Türkiye’den de feminist kadın liderliğinin nasıl fark yarattığına ilişkin örneklerimiz var: Safranbolu’nun ilk kadın belediye başkanı Elif Köse kadınların yerinin ev değil sokaklar, meydanlar olduğunu vurgulayarak iki yılda pek çok projeye imza attı.
Yeni Atanan BM Kadın Birimi Direktöründen beklentimiz yüksek
Türkiye’nin ve dünyanın feminist politikalara her zamankinden daha çok ihtiyaç duyduğu bu dönemde BM Kadın Birimi direktörlüğüne Sima Sami Bahous atandı. Sürdürülebilir Kalkınma Hedefleri (SDG’ler) doğrultusunda, kadınların güçlendirilmesini ve haklarını genişletme, ayrımcılık ve şiddeti ele alma ve sürdürülebilir sosyo-ekonomik kalkınmayı teşvik etme konusunda uzmanlığı bulunan Bahous, Ürdün’ün New York’taki BM Daimi Temsilcisi olarak görev yapıyordu.

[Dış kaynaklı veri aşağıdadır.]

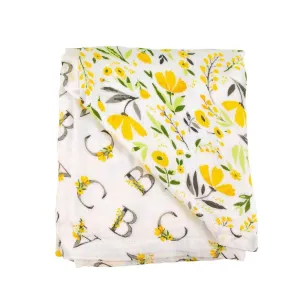 Royal Garden   Floral Alphabet Oh So Soft Snuggle Blanket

Atanmasından sonra, BM Kadın Birimindeki elliden fazla çalışan yeni direktöre bir mektup yollayarak iki şey talep etti; Yönetim reformu ve dünya çapında cinsiyet eşitliğini daha aktif ve başarılı bir şekilde teşvik eden kapsamlı bir gündem.
Unifem’in eski müdür yardımcısı Joanne Sandler “Dünya, kadınlar ve kız çocukları için zor kazanılmış pek çok hakkın erozyona uğramasını önlemek için BM Kadın Birimi ve BM’de kararlı feminist liderliğe hiç bu kadar umutsuzca ihtiyaç duymamıştı ”diyor.
Feminist liderliğe hiç olmadığı kadar ihtiyacımız var.